Un jour j’essaie. Après tout on est à une époque sans Spotify. Elle a l’album sur une clé usb et j’ai déjà écouté en boucle mes albums habituels. Donc pourquoi pas essayer.
Je commence par l’album Ouest Side.
Et c’est un traumatisme.
C’est dur de retranscrire la violence d’être plongé dans la poésie de Booba. Surtout Ouest Side. Surtout quand on est Noir. Il y a dans cette poésie à la fois toute la douleur de l’esclavage :
Tout commence dans la cour de récréation Malabar, Choco BN, "sale noir !", ma génération (...) J'ai grandi, j'suis mort en silence Crucifié sur une caravelle sous l’œil éternel d'une étoile filante Dans ce capharnaüm, derniers seront les vainqueurs Mes rimes te touchent au cœur, en plein sternum La vie d'un homme, la mort d'un enfant Du sang royal dans les veines, premier en sport et en chant
On mélange le “je” avec un grand “nous”. Le je qui est mort en silence est-ce Booba ? Est-ce l’ensemble des Noirs ?
Si c’est Booba qui est mort crucifié sur une caravelle c’est pour laver quel pêché ?
Le plus déchirant étant la dernière phase : le sang royal dans les veines renvoie à l’idée que certains d’entre nous étaient de familles royales en Afrique avant d’en être arraché. Cette idée persiste avec premier. Qui vient directement en écho de derniers seront les vainqueurs (qui venait déjà en écho de la crucifixion puisque c’est une référence à la Bible)… car la phrase de la Bible c’est plutôt les derniers seront les premiers.
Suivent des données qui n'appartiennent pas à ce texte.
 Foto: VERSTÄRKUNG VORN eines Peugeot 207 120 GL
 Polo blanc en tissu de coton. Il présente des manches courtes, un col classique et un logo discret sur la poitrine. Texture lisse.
Sauf que… ça retombe brutalement à la réalité. On sera (impossible de dire si premier est au pluriel ou au singulier puisque c’est à l’oral et qu’on a mélangé je et nous) les premiers mais uniquement en sport et en chant. Les seuls endroits où un Noir français peut briller.
C’était une longue introduction puisque la strophe dont je veux te parler n’est pas dans cette chanson (du même album). Là c’était Pitbull une chanson qu’à la fois j’adore et j’aime moins de Booba car c’est une des rares où il écrit de manière non kaléïdoscopique. C’est-à-dire qu’il a un thème et qu’il le déroule. Ce n’est pas un puzzle de mots et de pensées à déchiffrer. Même si on vient de voir que y’a quand même une construction complexe.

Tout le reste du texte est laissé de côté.